**What to produce:** Set down the lines below, exactly, starting at the one that contains "VANCE & HINES, Vance" and stopping at the last line, inclusive. Omit pictures.

**Data records:**
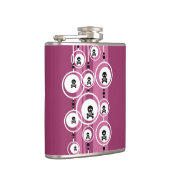 グランジな背景 フラスク (右)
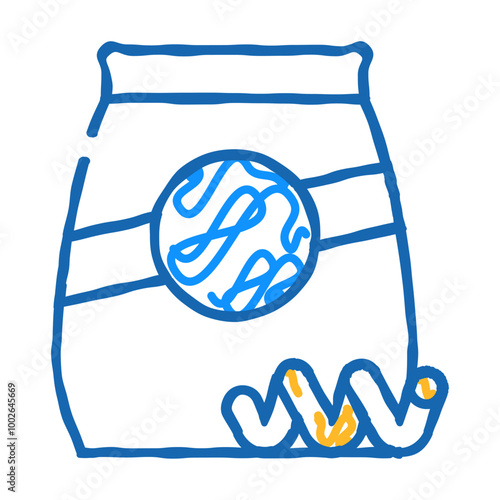 collentani pasta doodle icon sketch vector. collentani pasta sign. isolated symbol illustration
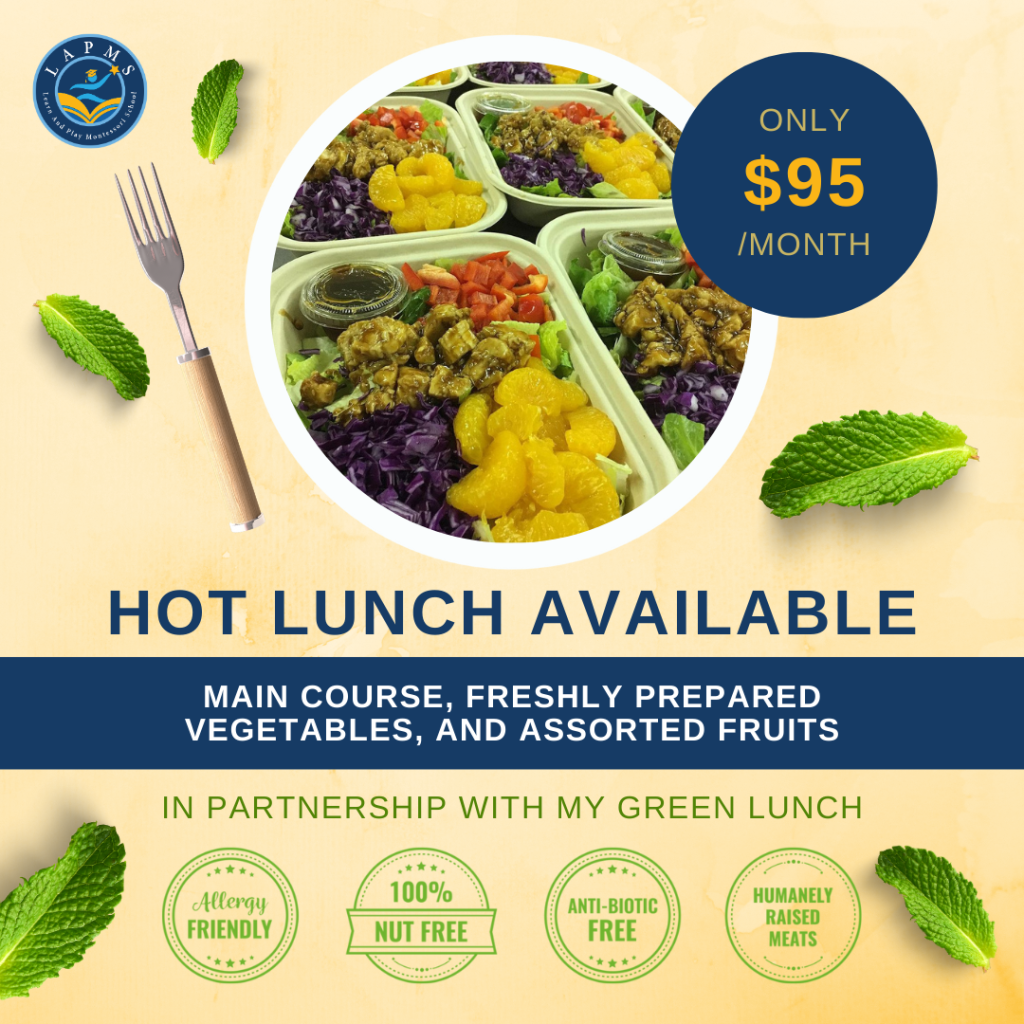 lunch program at preschool in Fremont, California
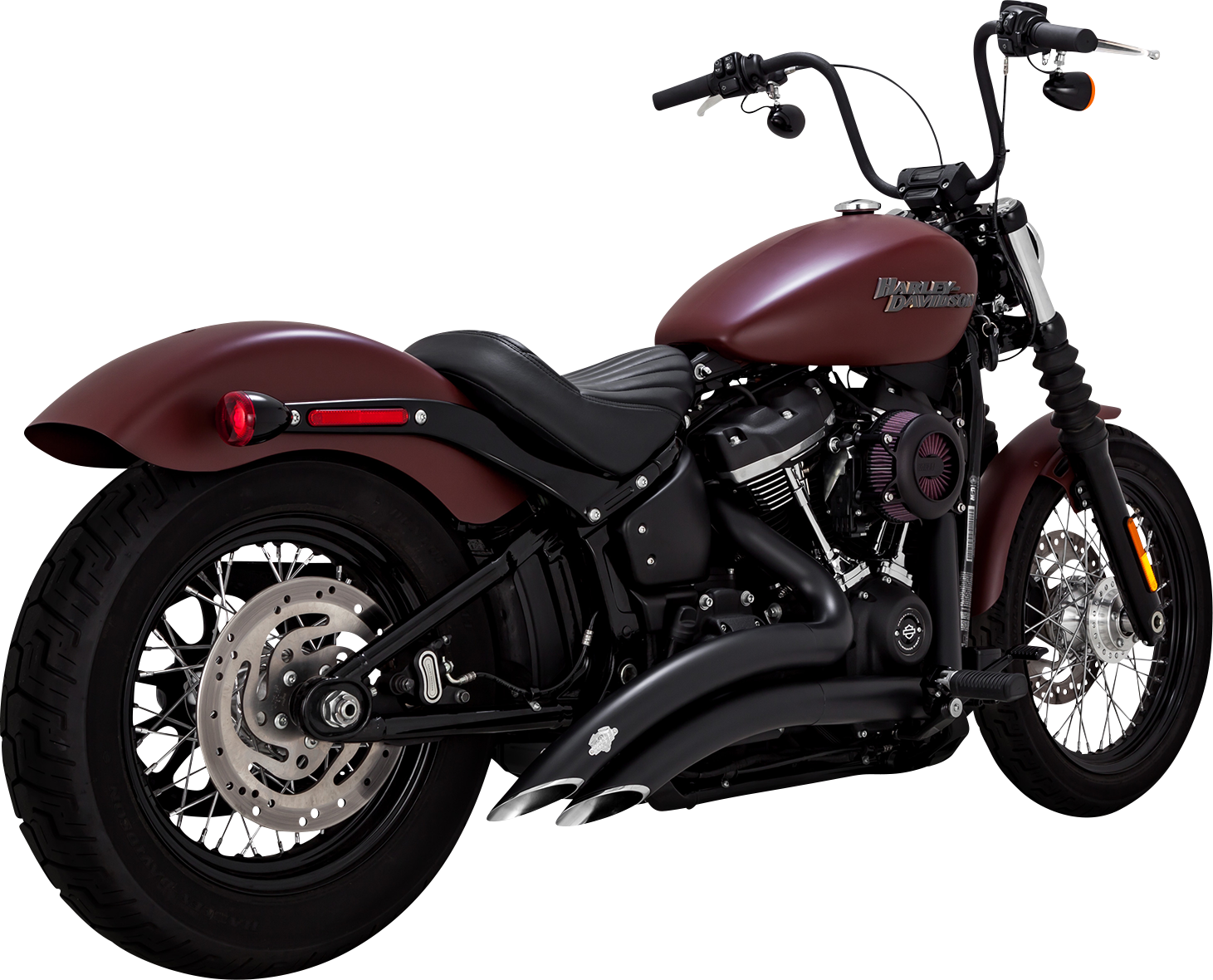VANCE & HINES, Vance & Hines Big Radius Exhaust System Black 46377 with PCX™ Technology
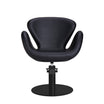 Fauteuil de Coiffure CHLOE BR Noir Base Ronde Noire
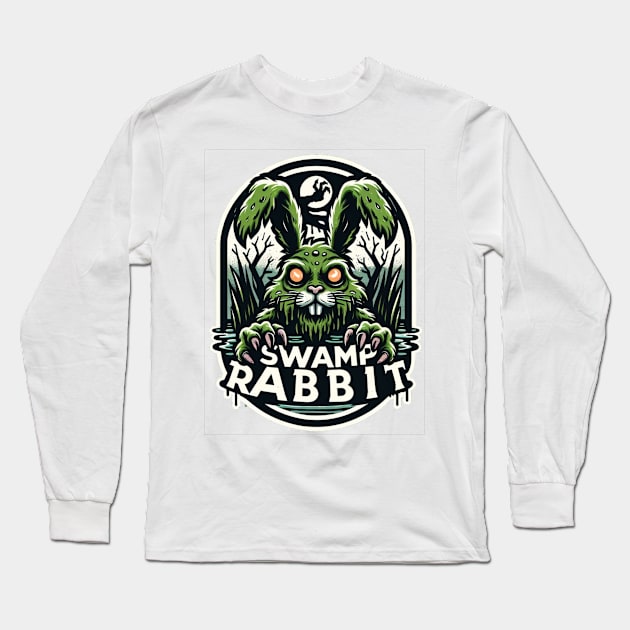 Swamp Rabbit Long Sleeve T-Shirt by WolfeTEES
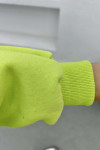 Three Thread Hooded Sweatshirt Neon Green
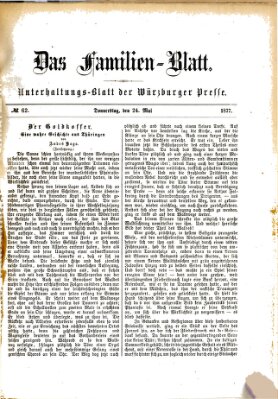 Das Familienblatt (Würzburger Presse) Donnerstag 24. Mai 1877
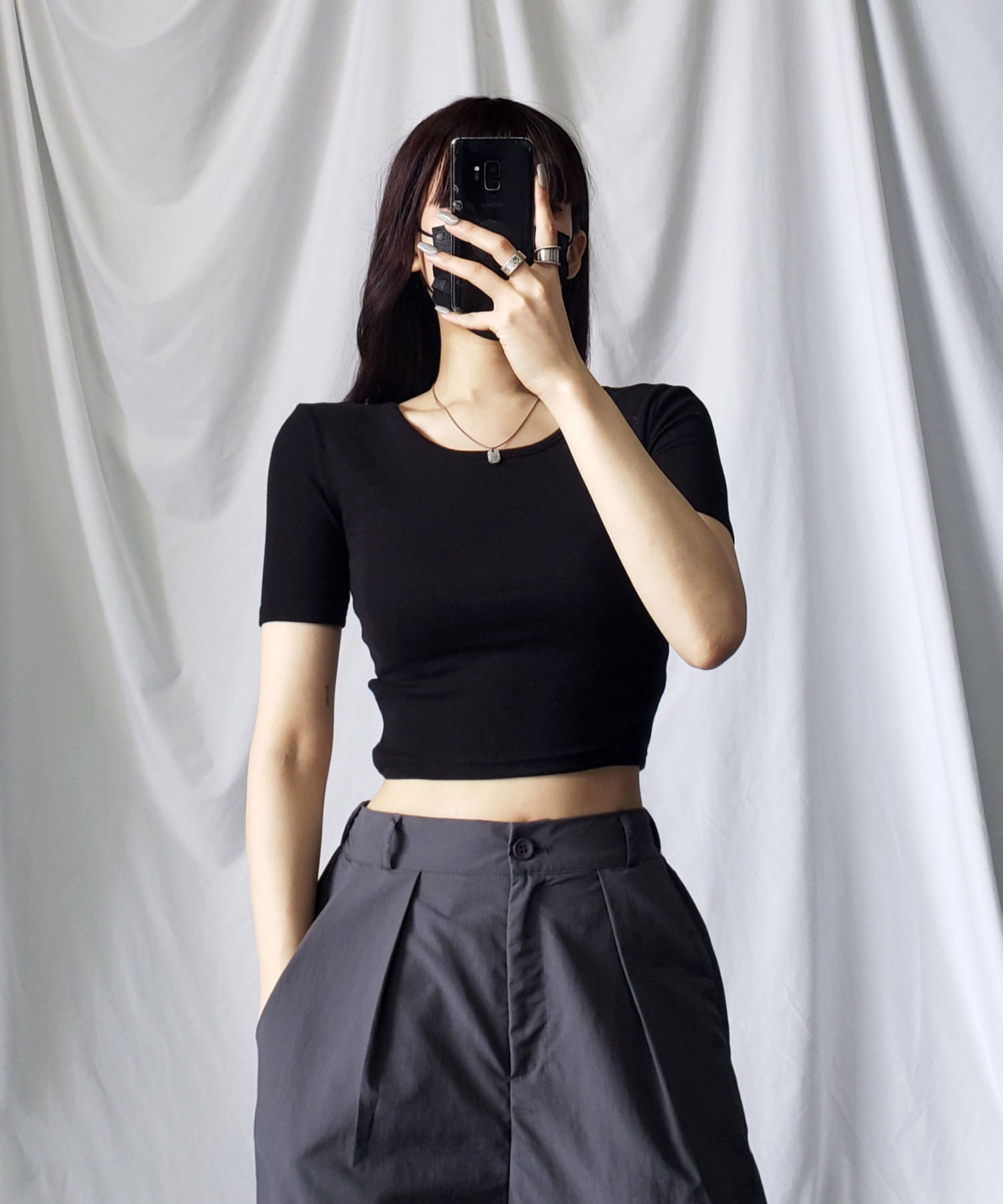 バックストラップショートちびTシャツ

**Result for this exercise:**
VANCE & HINES, Vance & Hines Big Radius Exhaust System Black 46377 with PCX™ Technology
 Fauteuil de Coiffure CHLOE BR Noir Base Ronde Noire
 Swamp Rabbit Long Sleeve T-Shirt by WolfeTEES
 Three Thread Hooded Sweatshirt Neon Green
 Das Familienblatt (Würzburger Presse) Donnerstag 24. Mai 1877
 バックストラップショートちびTシャツ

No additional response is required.